**EXERCISE**: Only the lines below from the one containing "The Rent - Luxury" through the one containing "3980 Loblolly Bay Dr 6, Naples, FL 34114-33" belong in the answer, repeated exactly and without pictures.

**SOURCE INFORMATION**:
_ _ _ _
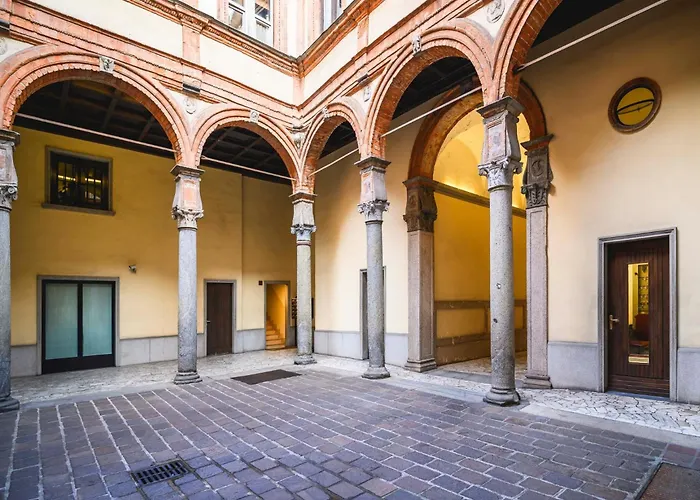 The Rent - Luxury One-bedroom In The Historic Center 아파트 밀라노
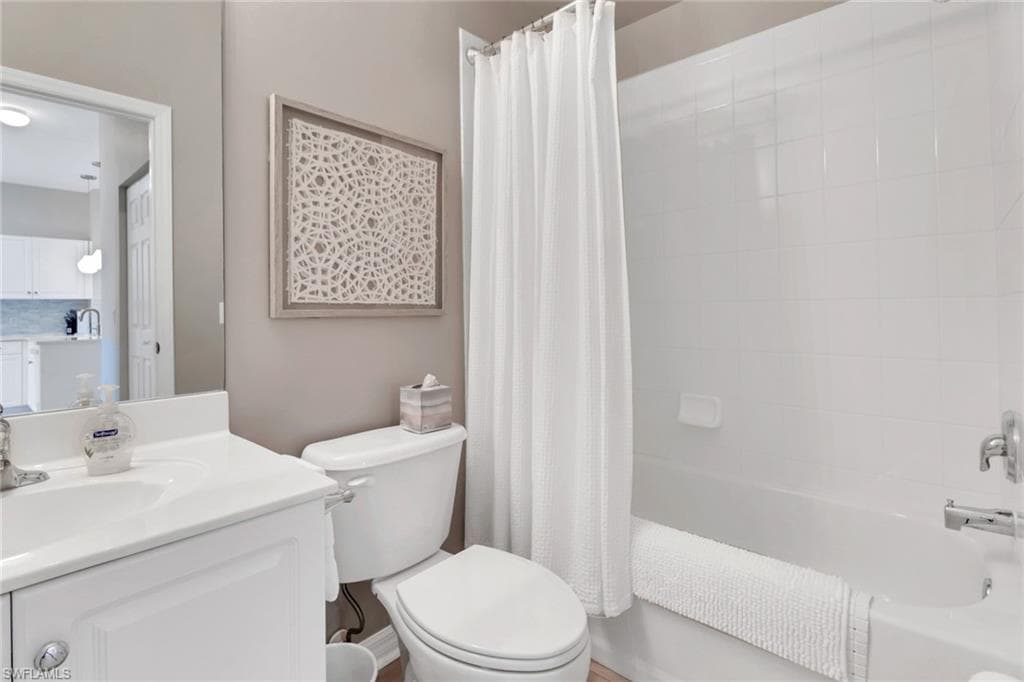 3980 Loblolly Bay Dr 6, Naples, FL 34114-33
_ _ _ _
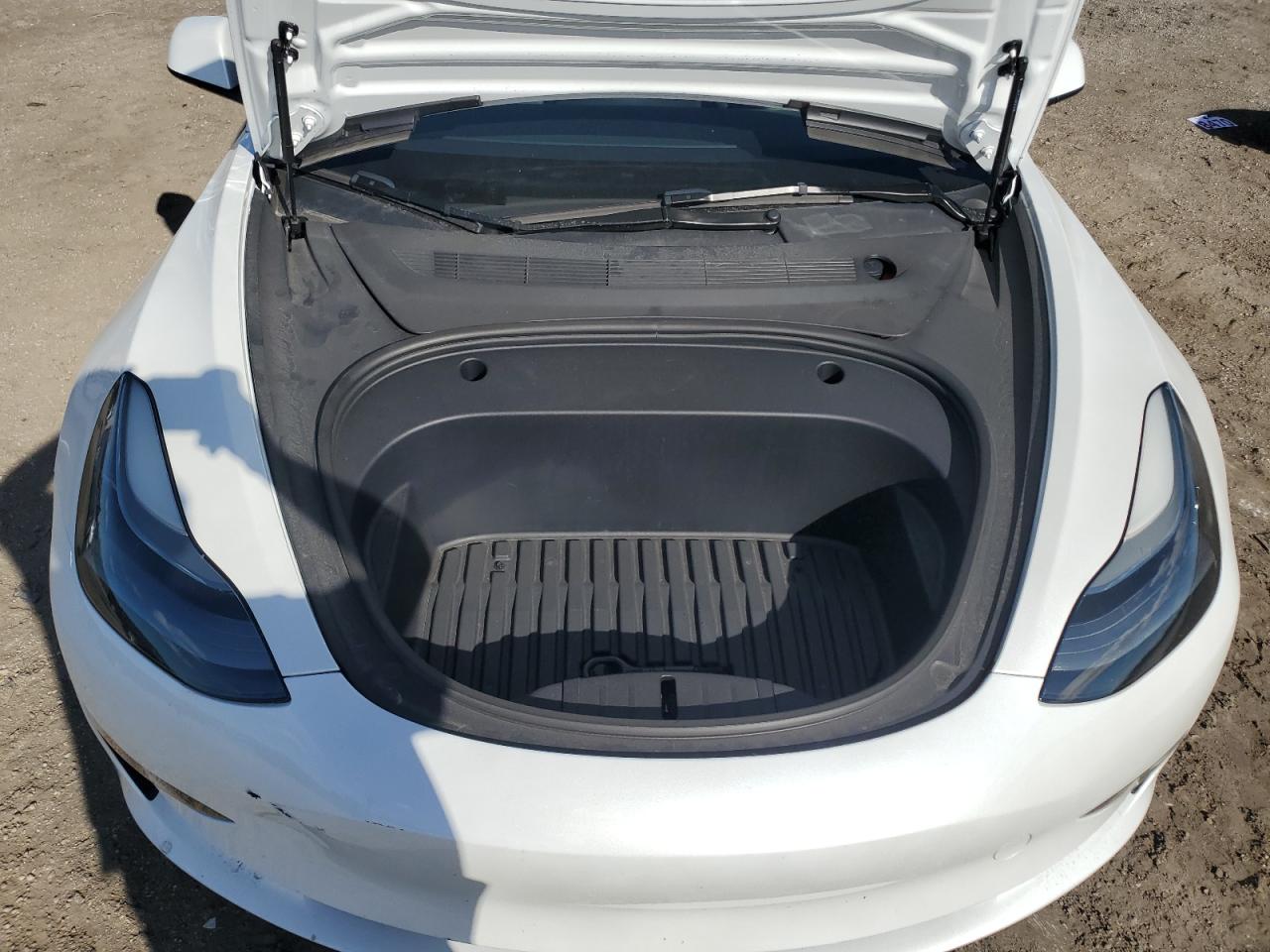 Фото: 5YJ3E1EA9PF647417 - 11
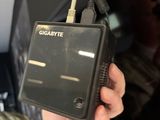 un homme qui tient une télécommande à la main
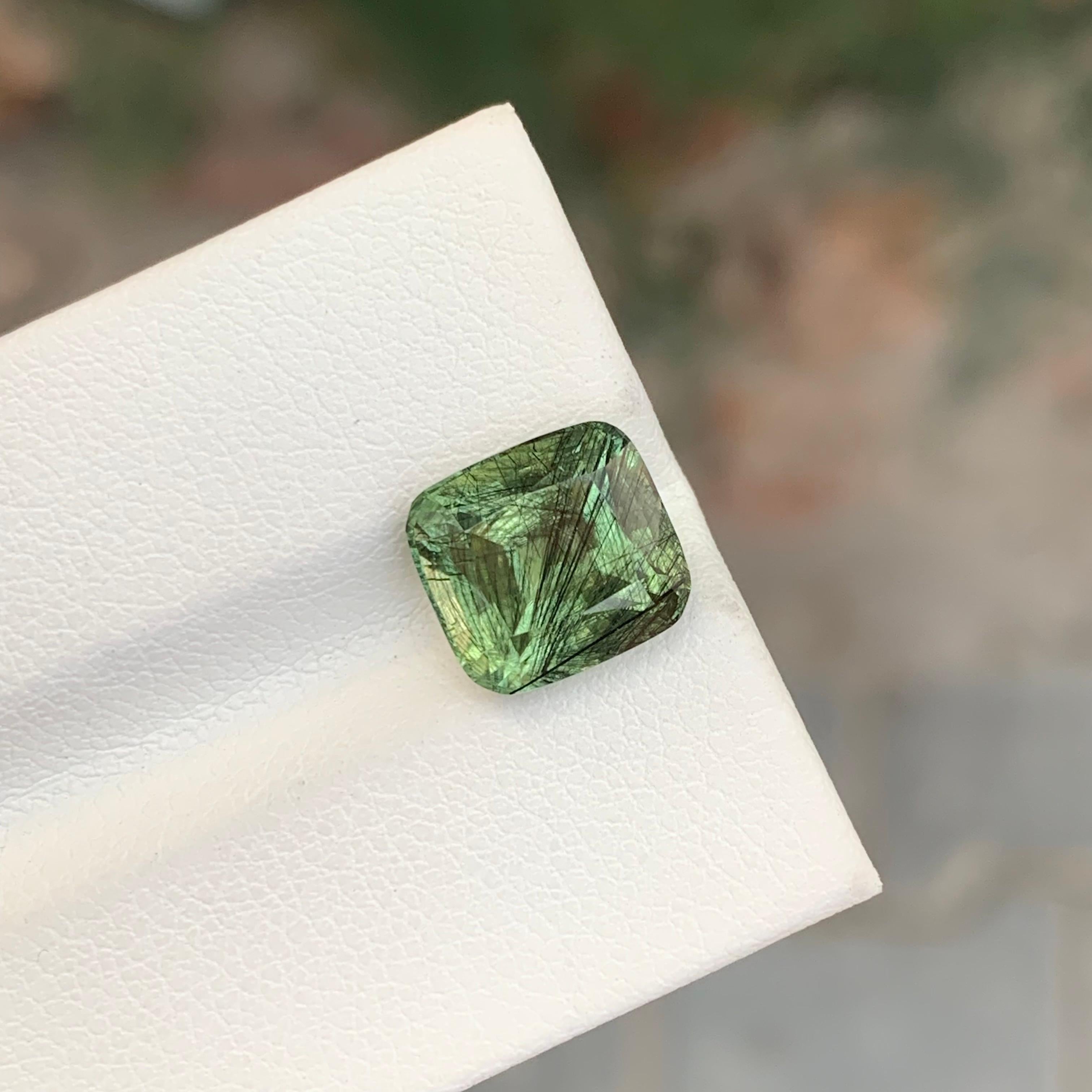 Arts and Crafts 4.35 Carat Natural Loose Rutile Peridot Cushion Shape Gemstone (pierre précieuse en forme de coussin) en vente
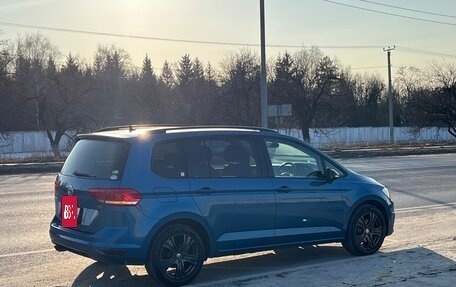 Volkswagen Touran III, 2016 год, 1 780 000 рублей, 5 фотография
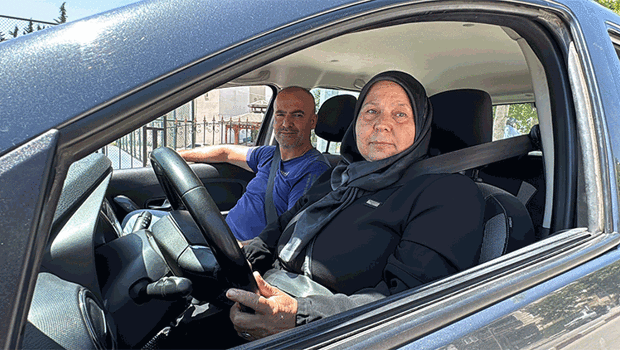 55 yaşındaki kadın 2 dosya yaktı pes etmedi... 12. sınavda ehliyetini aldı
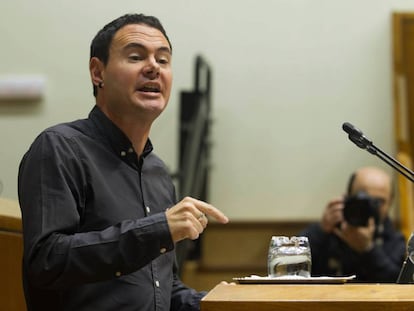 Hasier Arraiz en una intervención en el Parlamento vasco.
_ _ _ _
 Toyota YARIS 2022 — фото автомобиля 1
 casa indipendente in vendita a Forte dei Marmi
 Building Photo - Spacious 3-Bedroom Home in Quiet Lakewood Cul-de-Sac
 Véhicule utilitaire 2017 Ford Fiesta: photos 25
_ _ _ _
**TASK ANSWER**:
 The Rent - Luxury One-bedroom In The Historic Center 아파트 밀라노
 3980 Loblolly Bay Dr 6, Naples, FL 34114-33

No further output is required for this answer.